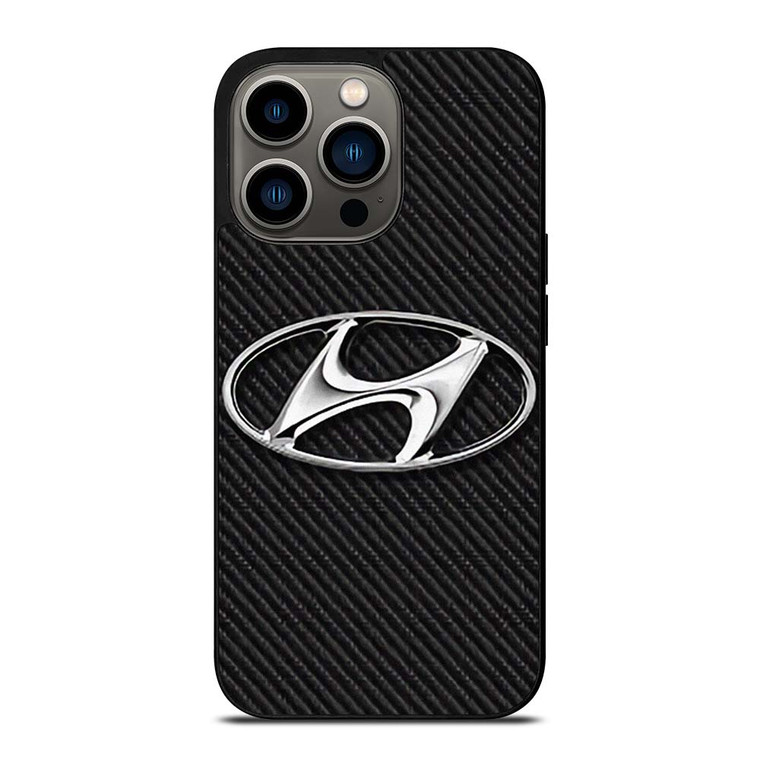 HYUNDAI MOTORS CARBON LOGO iPhone 13 Pro Case Cover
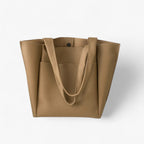 Vegan Leather Shoulder Tote with Magnetic Closure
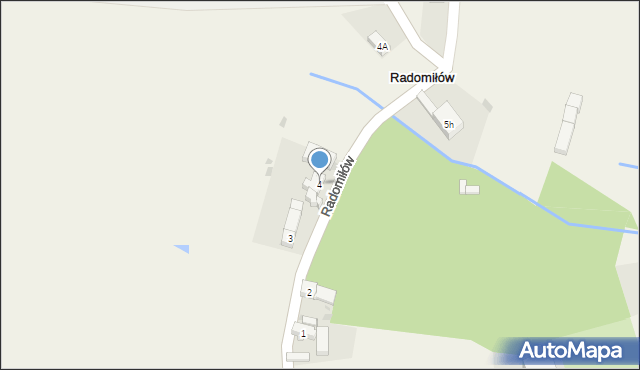 Radomiłów, Radomiłów, 4, mapa Radomiłów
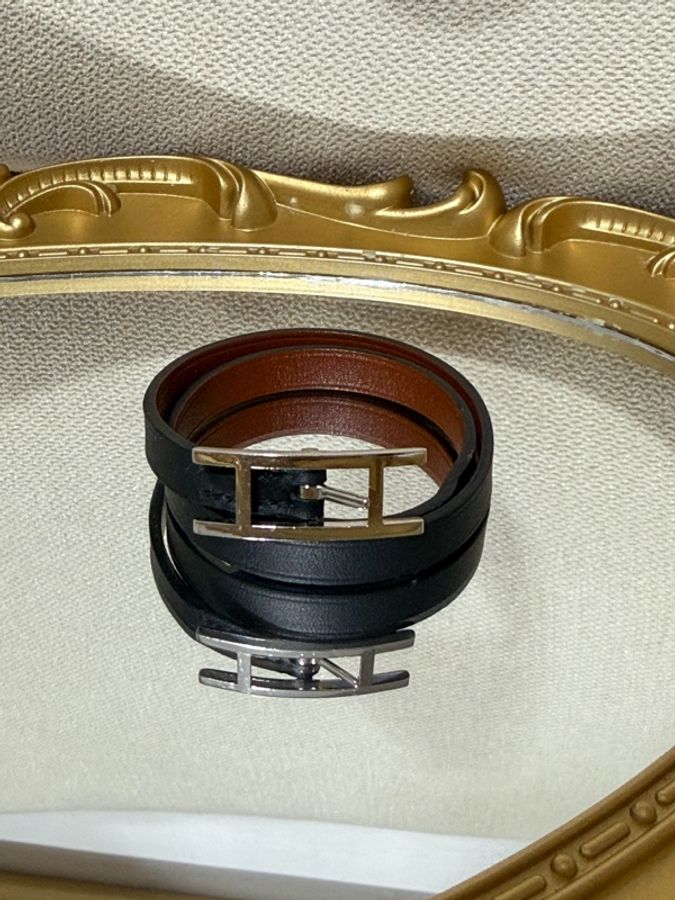 HERMÈS Behapi Double Tour 雙圈手環 black /Gold-1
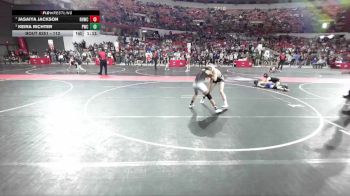 112 lbs Semifinal - Keira Richter, Princeton Wrestling Club vs Jasaiya Jackson, Red Hot Wrestling Club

# # # #

WHAT TO WORK ON >>
Could you print all of the entries above exactly as written, minus the pictures?

EXERCISE RESPONSE >>
 HYUNDAI MOTORS CARBON LOGO iPhone 13 Pro Case Cover
 Vegan Leather Shoulder Tote with Magnetic Closure
 Radomiłów, Radomiłów, 4, mapa Radomiłów
 HERMÈS Behapi Double Tour 雙圈手環 black /Gold-1
 112 lbs Semifinal - Keira Richter, Princeton Wrestling Club vs Jasaiya Jackson, Red Hot Wrestling Club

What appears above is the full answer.